After filtering, note that AS 65007 is gone because it's pre-pended too much.

With IOS-XE you have to use a path ACL which is slightly different, showing a wider net in this example.
IOS-XE example
ip as-path access-list 1 permit _([0-9]+)_\1_\1_\1_\1_\1_\1
ip as-path access-list 1 deny .*
!
route-map BGP-AS-Filter deny 10
match as-path 1
!
route-map BGP-AS-Filter permit 10
!

Oh no just blackholed friendly AS 65005, definitely be careful! Purposely done to show how things can go wrong. Analyze your routing table for long AS paths to see if you have some candidate prefixes you'd want to remove.
Similar Juniper Example
policy-options {
prefix-list Bogons-all {
10.0.0.0/8;
100.64.0.0/10;
127.0.0.0/8;
169.254.0.0/16;
172.16.0.0/12;
192.0.2.0/24;
192.168.0.0/16;
}
policy-statement BGP_AS_Filter {
term Drop-src-65009 {
from {
as-path "65009.*";
}
then reject;
}
term Drop-src-65006 {
from {
as-path "65006.*";
}
then reject;
}
term Drop-transit-65009 {
from {
as-path ".*65009.*";
}
then reject;
}
term Drop-transit-65006 {
from {
as-path ".*65006.*";
}
then reject;
}
term Drop-Private-ASN {
from {
as-path ".* (64512-65535) .*";
}
then reject;
}
term Allow-all {
then accept;
}
}
}
Communities and Templates
Another item that pops up frequently that was only mentioned briefly in part 1 was regarding tagging BGP communities. Its generally best practice to define a few different policies in your network so you can tag different types of traffic using the BGP community attribute to create strategies with. Things like customer received routes, transit routes, internal announcements, geographies and so forth are good examples to help with traffic engineering and tactically deciding how the network can respond. Usually you'll want to strip external communities inbound and outbound except for a few scenarios which we will cover. Local preference is the primary BGP mechanism we'll want to use.
You want to tag or assign routes at their origin along with inbound at the border so you can better determine policy internally where you would match communities downstream inside your AS. Sometimes you could be troubleshooting and it's easy to glean information just by looking at what communities you have assigned to the route. The next diagram shows the basic principle.

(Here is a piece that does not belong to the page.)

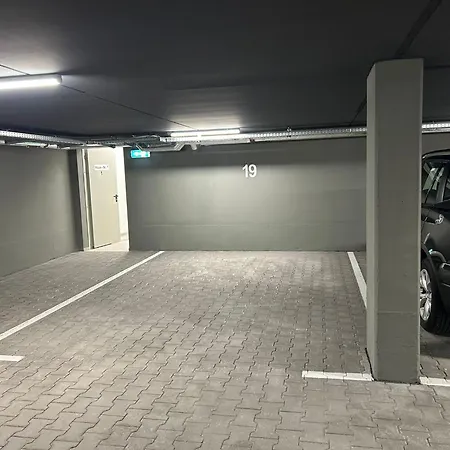 Апартаменти Eazy Handicap *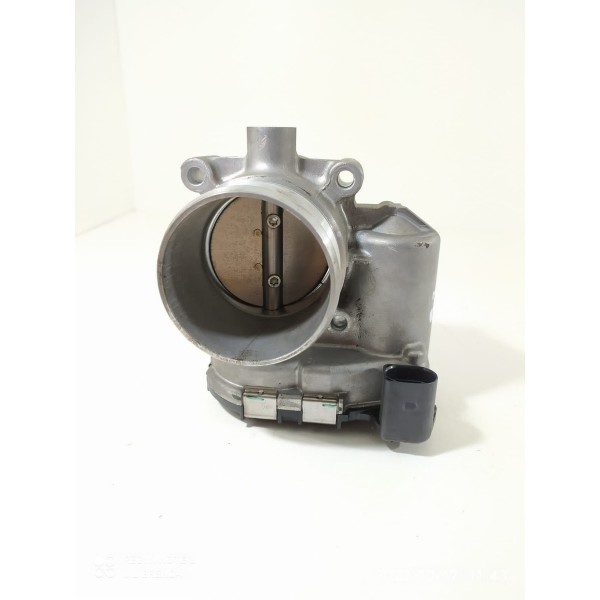 Tbi Corpo Borboleta Audi Q5 2.0 2018/2023 06k133062a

Setting communities at all points can allow routing policy to determine the path to prefer private, then internet exchange (IX), and then here we have aggregate advertisements to route to use transit (most expensive) as a last resort. For inbound advertisements question if the same network (network 1A in the diagram) is sending specific routes from a private peering and also from an IX and you want to ensure all routers in your network to use the private peering connection instead of the IX due to bandwidth efficiency or ROI and so forth.
Same as if you were Network 1A you might want to tag with the neighboring networks communities to dictate policy for your ingress from them if it was supported. You want to reject other unknown communities and strip your own outbound to avoid pollution or false manipulation inside your network or other's jurisdiction. In addition, if you are telling other networks to use certain communities to set local preference within your AS you might want to have some different options internally and also give yourself the option to override that LP if that was necessary.
Cisco IOS-XR Example
community-set community-110
65001:1234
end-set
!
community-set community-90
65001:5678
end-set
!
route-policy Set-local-pref
if community matches-any community-110 then
set local-preference 110
else
if community matches-any community-90 then
set local-preference 90
endif
pass
end
end-policy
!
route-policy Tag-inbound-routes
delete community all
set community community-110 additive
pass
end-policyAgain you'll want to ensure all routers treat that community the same with a certain local preference via routing policy, in this case preferring it. XR is very granular and you could nest these policies inside of other route-policies so the possibilities are endless and with communities you can have a lot of options and can signal things like no-export and DDoS mitigation via RTBH.
Here is an example of communities that Lumen uses who is a large Tier 1 or that which customers or neighbors can use.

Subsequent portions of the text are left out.